PROVIDED MATERIAL |
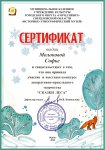 Сертификат Молоковой Софье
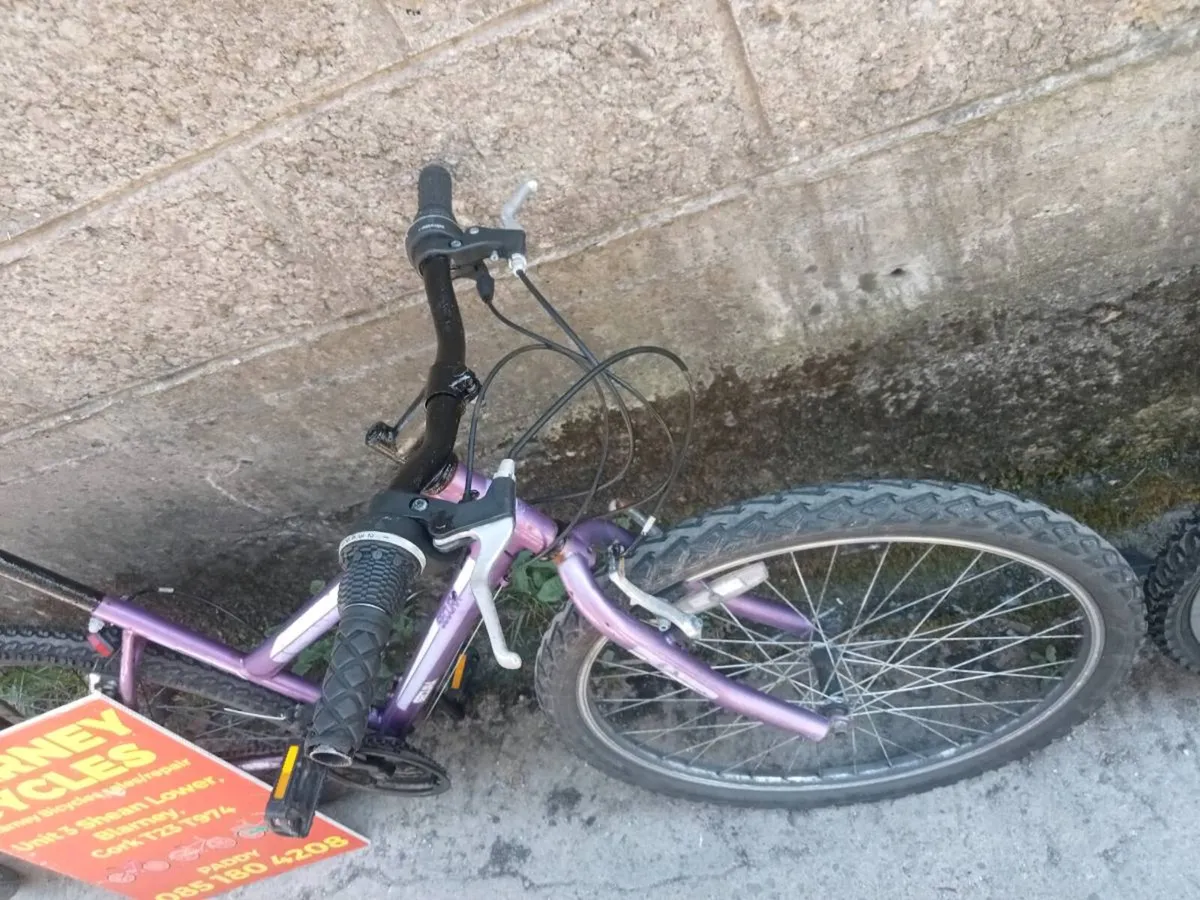 Bikes - Image 4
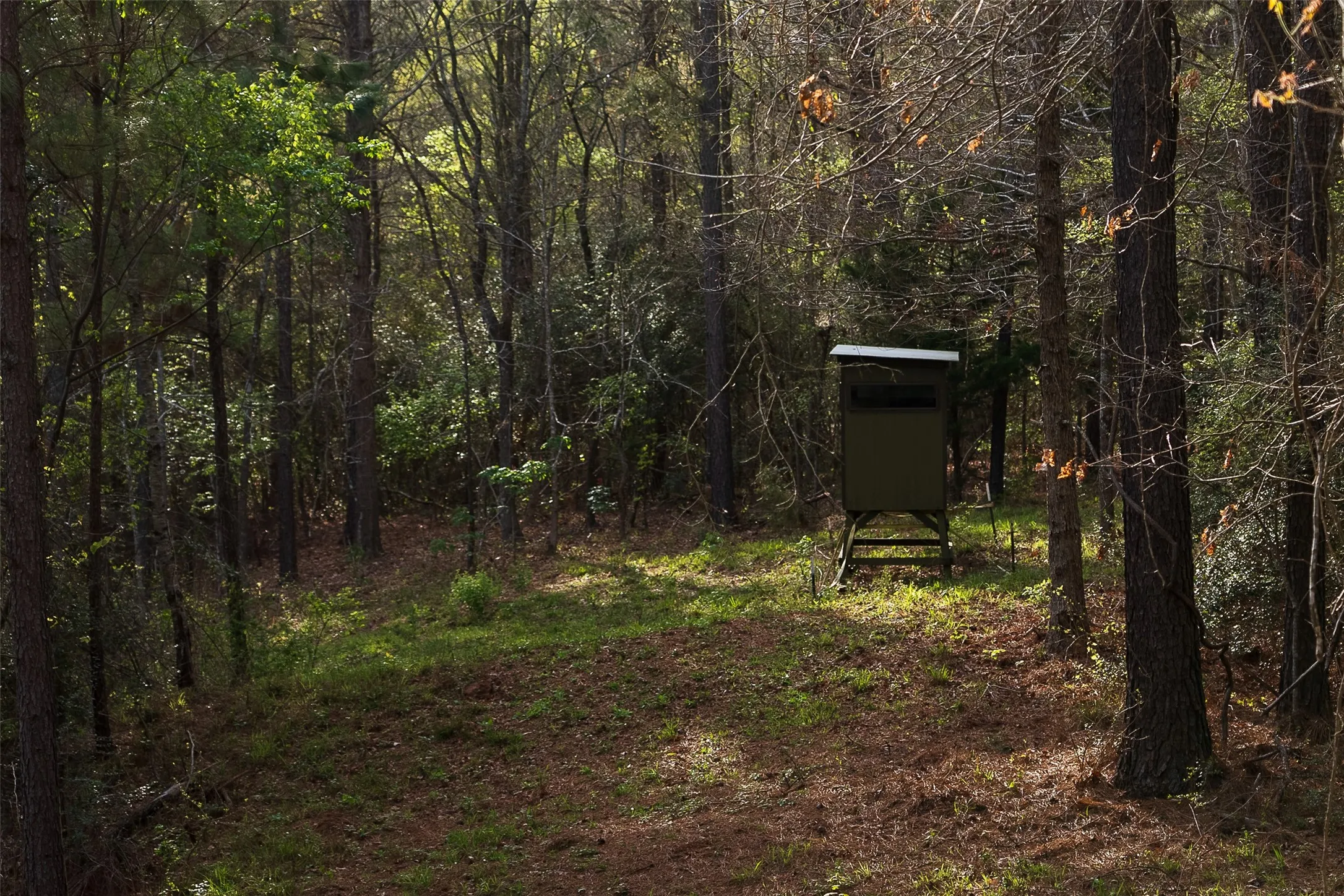 Unimproved Land For Sale in Nacogdoches County , 0 Off of County Road 839, Nacogdoches, Texas 75964, 0, 0, Garage spaces, 0 Sqft, built in 0, mls#21213477, Real Estate Agent in Nacogdoches, Homes For Sale in Nacogdoches county, Homes For Sale in Nacogdoches, Realtor in Nacogdoches Texas, Real Estate Brokerage Independent Realty Texas, Luminita Cordes Realtor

WORK TO COMPLETE | Copy out all the data above exactly, pictures excluded.

TASK SOLUTION |
 Сертификат Молоковой Софье
 Bikes - Image 4
 Unimproved Land For Sale in Nacogdoches County , 0 Off of County Road 839, Nacogdoches, Texas 75964, 0, 0, Garage spaces, 0 Sqft, built in 0, mls#21213477, Real Estate Agent in Nacogdoches, Homes For Sale in Nacogdoches county, Homes For Sale in Nacogdoches, Realtor in Nacogdoches Texas, Real Estate Brokerage Independent Realty Texas, Luminita Cordes Realtor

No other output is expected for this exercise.